* _ASSIGNMENT_
From the line with "男孩戴着棒球手套站在公园里图片素材" to the line with "Attendees talking at", retype every line exactly, including those two, and leave out the rest of the data below.

* _INPUT DATA_

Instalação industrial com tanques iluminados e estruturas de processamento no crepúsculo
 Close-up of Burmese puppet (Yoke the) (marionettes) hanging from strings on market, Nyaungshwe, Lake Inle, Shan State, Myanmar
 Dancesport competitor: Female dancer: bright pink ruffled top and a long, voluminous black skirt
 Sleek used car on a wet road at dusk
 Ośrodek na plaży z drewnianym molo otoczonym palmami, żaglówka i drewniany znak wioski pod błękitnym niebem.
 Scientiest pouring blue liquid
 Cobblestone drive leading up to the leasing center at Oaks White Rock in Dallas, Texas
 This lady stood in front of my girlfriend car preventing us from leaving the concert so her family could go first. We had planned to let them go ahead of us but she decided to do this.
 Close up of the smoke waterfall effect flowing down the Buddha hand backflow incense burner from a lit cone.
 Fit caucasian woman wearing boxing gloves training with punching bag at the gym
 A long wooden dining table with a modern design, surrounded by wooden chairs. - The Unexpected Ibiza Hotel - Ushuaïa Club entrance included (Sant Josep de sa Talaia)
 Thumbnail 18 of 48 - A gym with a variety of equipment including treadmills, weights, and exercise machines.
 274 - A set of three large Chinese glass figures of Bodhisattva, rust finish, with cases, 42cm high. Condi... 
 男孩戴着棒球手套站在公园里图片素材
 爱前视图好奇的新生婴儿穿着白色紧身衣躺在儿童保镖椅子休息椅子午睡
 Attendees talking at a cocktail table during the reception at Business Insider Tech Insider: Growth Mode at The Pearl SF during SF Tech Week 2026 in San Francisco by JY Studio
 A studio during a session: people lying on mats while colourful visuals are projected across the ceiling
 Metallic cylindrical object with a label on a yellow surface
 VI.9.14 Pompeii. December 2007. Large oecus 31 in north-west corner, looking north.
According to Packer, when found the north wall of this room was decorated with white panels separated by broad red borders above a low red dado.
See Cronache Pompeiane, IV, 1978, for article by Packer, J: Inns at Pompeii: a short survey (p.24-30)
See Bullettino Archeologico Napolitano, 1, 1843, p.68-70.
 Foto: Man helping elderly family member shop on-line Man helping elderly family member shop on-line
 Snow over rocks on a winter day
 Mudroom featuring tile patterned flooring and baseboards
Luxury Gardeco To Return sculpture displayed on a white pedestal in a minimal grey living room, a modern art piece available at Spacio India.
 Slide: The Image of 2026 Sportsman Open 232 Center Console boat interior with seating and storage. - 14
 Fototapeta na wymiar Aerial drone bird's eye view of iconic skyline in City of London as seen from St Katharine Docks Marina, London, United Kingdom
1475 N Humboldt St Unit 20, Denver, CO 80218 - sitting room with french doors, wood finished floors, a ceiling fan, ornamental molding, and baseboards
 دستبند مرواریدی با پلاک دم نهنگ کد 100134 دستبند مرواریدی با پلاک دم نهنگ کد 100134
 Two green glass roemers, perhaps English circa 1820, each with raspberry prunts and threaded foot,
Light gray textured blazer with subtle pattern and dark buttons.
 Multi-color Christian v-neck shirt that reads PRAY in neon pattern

* _SOLUTION TO THIS EXERCISE_
 男孩戴着棒球手套站在公园里图片素材
 爱前视图好奇的新生婴儿穿着白色紧身衣躺在儿童保镖椅子休息椅子午睡
 Attendees talking at a cocktail table during the reception at Business Insider Tech Insider: Growth Mode at The Pearl SF during SF Tech Week 2026 in San Francisco by JY Studio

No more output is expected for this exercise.